Brakes have long been a sore spot for Ford, which has shown a consistent pattern of under-spec’ing its brake hardware given the horsepower numbers that some of its vehicles are capable of (we’re talking to you, Taurus SHO). We didn’t drive the Mustang V6 hard enough for long enough to really tax its brakes, but they felt far less spongy than some other Ford cars’ brakes have felt over the past year or two. Credit likely goes in this case to the larger brake booster that Ford fitted to the 2011 Mustang.
Stops were sure and easily modulated, and the brakes fitted to this Mustang are not likely to be out-driven by the powertrain, particularly if the buyer doesn’t step up to the V6 Performance Package. The Performance Package includes the same 3.31 axle ratio included in our tester, a strut tower brace, specific ESC tuning, 19 inch wheels, and summer tires – but no brake upgrade. The GT for 2011 gets optional Brembo front brakes, and they’re obviously a highly-recommended option for that car.
During our week with the car, having driven the car nearly 300 miles in both city and highway routes, we observed combined fuel economy of 22 miles per gallon. The EPA says that this, the most efficient of 2011 Mustangs (V6/auto) should show 19 mpg in the city and an impressive 31 miles per gallon on the highway. Even after a feather-footing the car for the first day in the fleet to try to achieve the 31 mpg bogey, we failed. Most likely, it was due to the car’s optional axle ratio, which helps performance, but harms fuel economy. Ford is not required to publish fuel economy ratings for each axle ratio, so they test using the tallest gears. As they say, your mileage may vary. The best we saw was 28, which is almost identical to what we achieved in the Genesis Coupe with the same basic powertrain specs (300+ horsepower V6 and six-speed automatic).
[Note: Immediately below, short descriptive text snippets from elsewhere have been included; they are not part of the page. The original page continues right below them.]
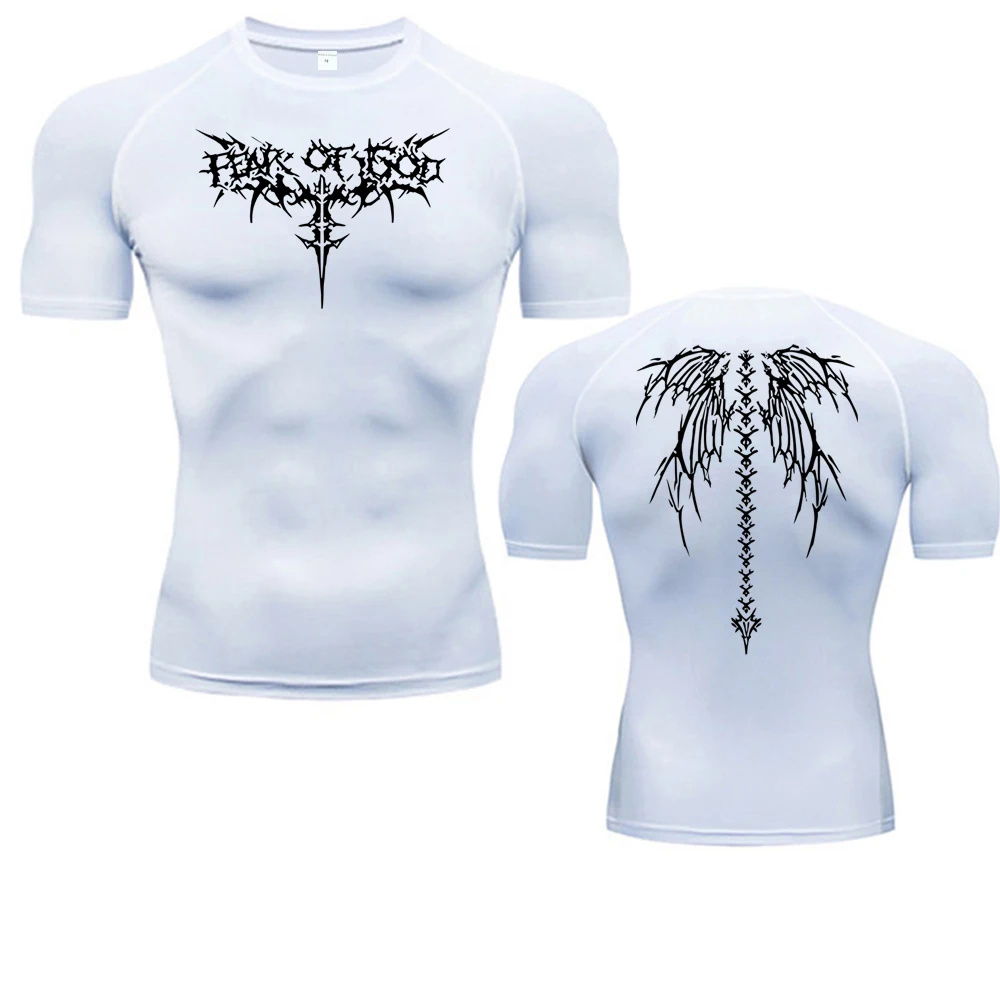 Color: Silver, Size: XL - Men's Compression Shirt Anime Print Gym Sport Quick Dry Gym TShirts Fitness Athletic Undershirts Elasticity Tops Tee Summer Male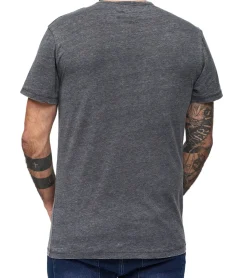 T-Shirts & Tank Tops*RE:COVERED X BUDWEISER Herren T-Shirt mit großem Logo Alltags-Shirt Baumwoll-Shirt Kurzarm-Shirt MMABI405 Grau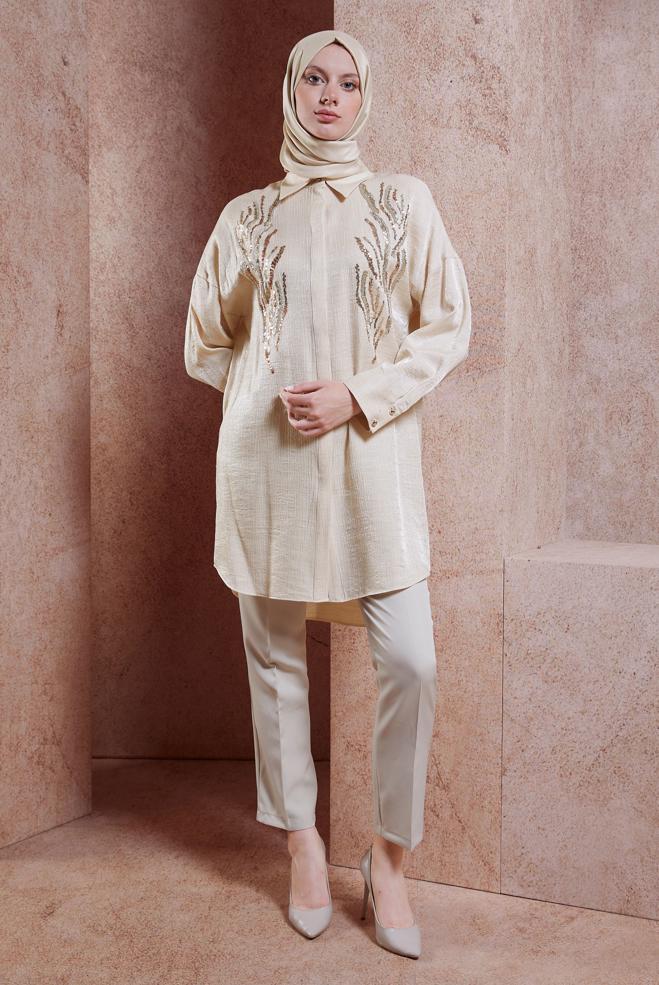 Tesettür giyim BEJ PAYET DETAYLI TUNİK 44626 - ALVİNA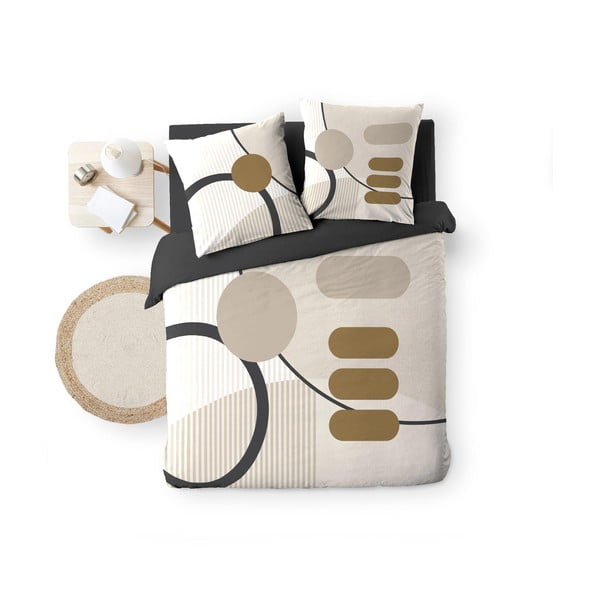 Set copripiumino e federa beige in cotone per letto matrimoniale ed esteso 240x220 cm Santana – douceur d'intérieur-image-4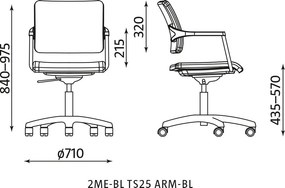 Obrotowe krzesło konferencyjne na kółkach 2ME-BL TS25 ARM-BL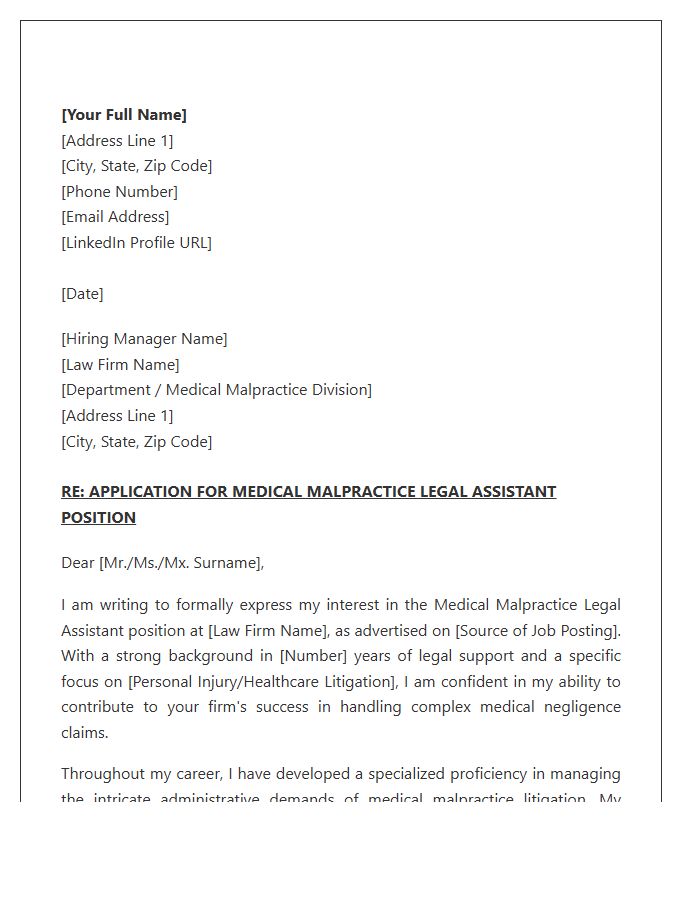 Medical Malpractice Legal Assistant Formal Cover Letter Template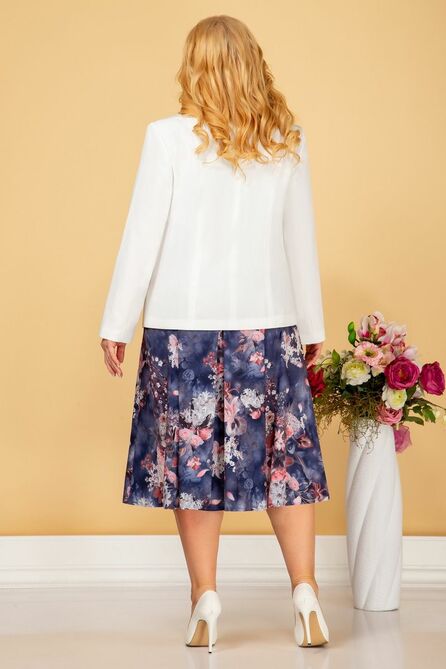 Плательный комплект Aira Style 928 цветы_синий Плательный комплект Aira Style 928 цветы_синий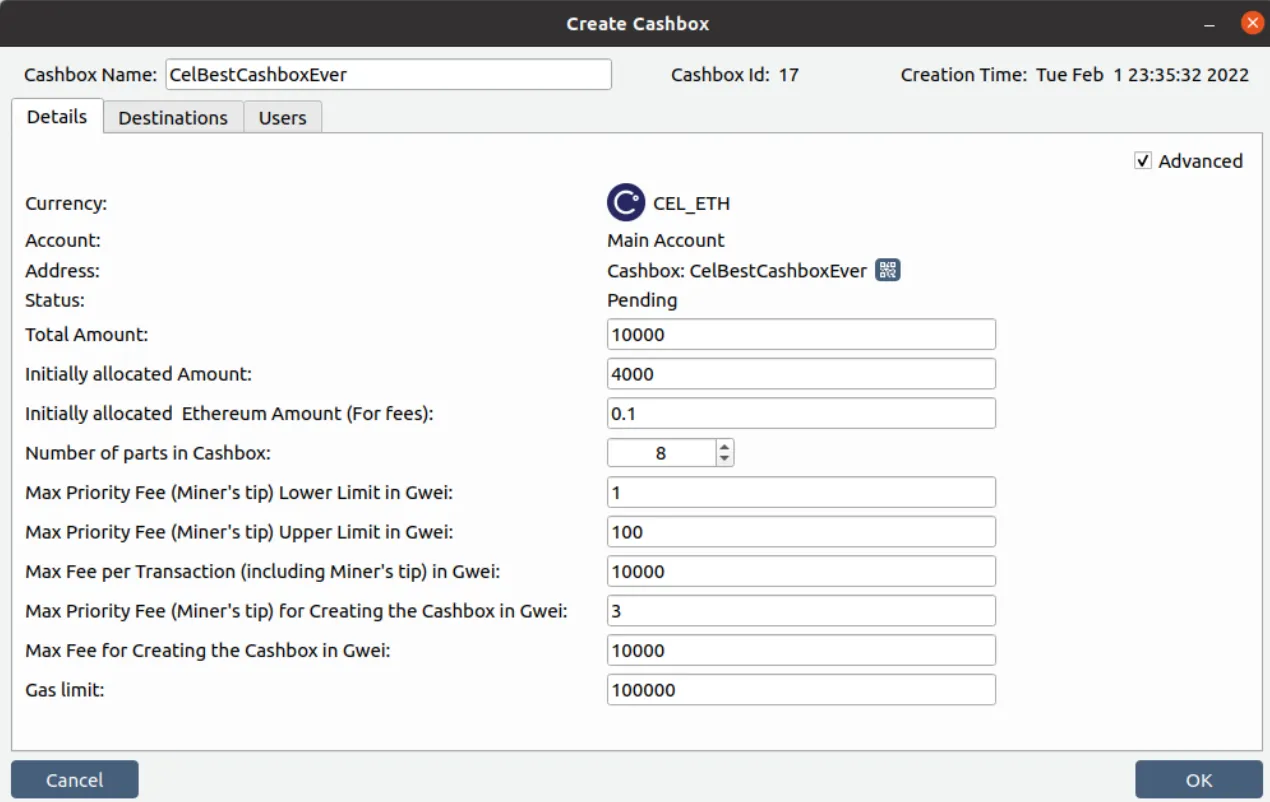 Advanced Cashbox details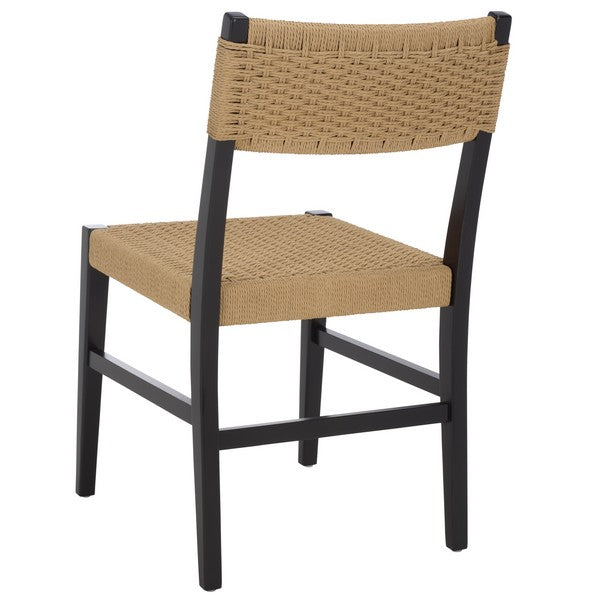 Dutton Wood Dining Chair in Black and Natural with Woven Paper Cord Seat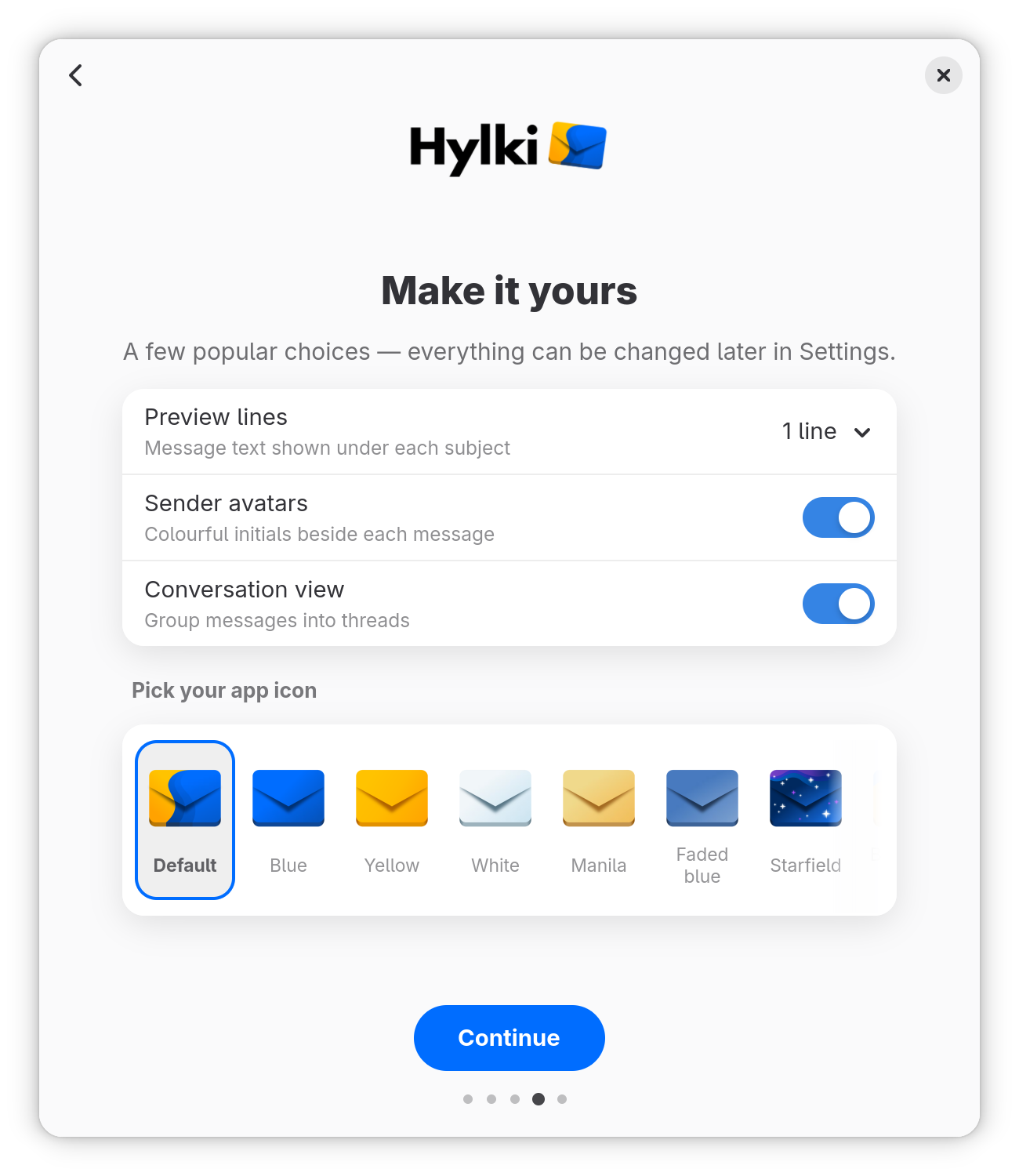 The welcome wizard's Make it yours page: preview lines, sender avatars, conversation view, and a row of app icons to pick from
Our tester rolled into the Autosavant Garage with an MSRP of $28,480 (including destination). The V6 Premium starts at $25,845, and the only options on the test car aside from the Premium model were the six-speed automatic ($995), 3.31 axle ratio ($395), and Security Package ($395). Destination at $850 is the only other charge. By the way, if anyone can get me to Flat Rock, Michigan, I’d be happy to deliver their new Mustang for less than $850 each, door to door. This pricing compares favorably to a Camaro V6 (about $500 less, ) and unfavorably to a Genesis Coupe (about $1,000 more, says TrueDelta this time). Price comparisons on TrueDelta normalize equipment differences between vehicles so that you can find the true delta, or difference, between the vehicles’ prices.
In case you have any doubts about the transformative power a successful transplant can have on a person, just ask Carroll Shelby, the godfather of Mustang performance how he feels about them. In the case of this new engine, it has found the perfect body in which to spend its days, making the 2011 Mustang V6 the best factory V6 Mustang ever, and one heck of a performance car value.